= From the Ground Up with Debbie Travis =

From the Ground Up with Debbie Travis was a Canadian reality television series, which aired on Global, HGTV and TVtropolis. The series was a design competition hosted by interior designer Debbie Travis.

==Season 1==
In the first cycle, Travis bought a house and tore it down. The show's 12 protégés were then challenged to turn the building's remaining skeleton into a fully decorated home to be sold. $250,000 of the profits from the sale of the home is to be given to one protégé, as voted by the viewers.

Contestants in the first season were Cory St. Croix, Jodi Fernandes, Lynsey Bennett, Robert Rames, Ryan Lucier, Stephanie Parris, Jacqueline Lahaise, Leah Thurston, Mike Fournier, Ryan Anderson, Sheldon Robertson and Tran Nguyen.

The series was produced in 2005 and aired in spring 2006.
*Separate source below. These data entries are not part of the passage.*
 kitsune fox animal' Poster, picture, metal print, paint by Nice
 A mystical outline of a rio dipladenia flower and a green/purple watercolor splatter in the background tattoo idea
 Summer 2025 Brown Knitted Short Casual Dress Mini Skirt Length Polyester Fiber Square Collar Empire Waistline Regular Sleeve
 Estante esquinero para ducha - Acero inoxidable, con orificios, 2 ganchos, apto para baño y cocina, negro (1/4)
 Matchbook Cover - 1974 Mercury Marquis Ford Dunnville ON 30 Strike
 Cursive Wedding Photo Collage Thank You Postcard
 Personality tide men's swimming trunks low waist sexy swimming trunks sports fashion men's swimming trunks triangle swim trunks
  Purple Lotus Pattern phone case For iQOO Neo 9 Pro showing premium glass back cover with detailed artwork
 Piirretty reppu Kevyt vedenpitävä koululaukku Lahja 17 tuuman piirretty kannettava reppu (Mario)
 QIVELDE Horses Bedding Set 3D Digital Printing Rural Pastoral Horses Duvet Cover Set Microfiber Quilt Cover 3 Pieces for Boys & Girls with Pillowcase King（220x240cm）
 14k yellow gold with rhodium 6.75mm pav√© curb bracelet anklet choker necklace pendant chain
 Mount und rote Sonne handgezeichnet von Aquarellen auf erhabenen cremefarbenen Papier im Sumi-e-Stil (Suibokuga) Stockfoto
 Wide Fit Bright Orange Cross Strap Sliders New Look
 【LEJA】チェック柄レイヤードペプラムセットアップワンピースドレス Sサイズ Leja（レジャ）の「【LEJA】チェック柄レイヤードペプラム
Airing in America in Fine Living Network and HGTV.

==Season 2==
In season 2, the goal of the 14 protégés was to complete design tasks to become the chief designer on a new Debbie Travis branded condominium. Dvira Ovadia, an interior designer from Toronto, was the winner of Season 2. This cycle originally aired on Global Television in the spring of 2007 and then HGTV in 2008, as well as in the United States on Fine Living in the summer of 2008.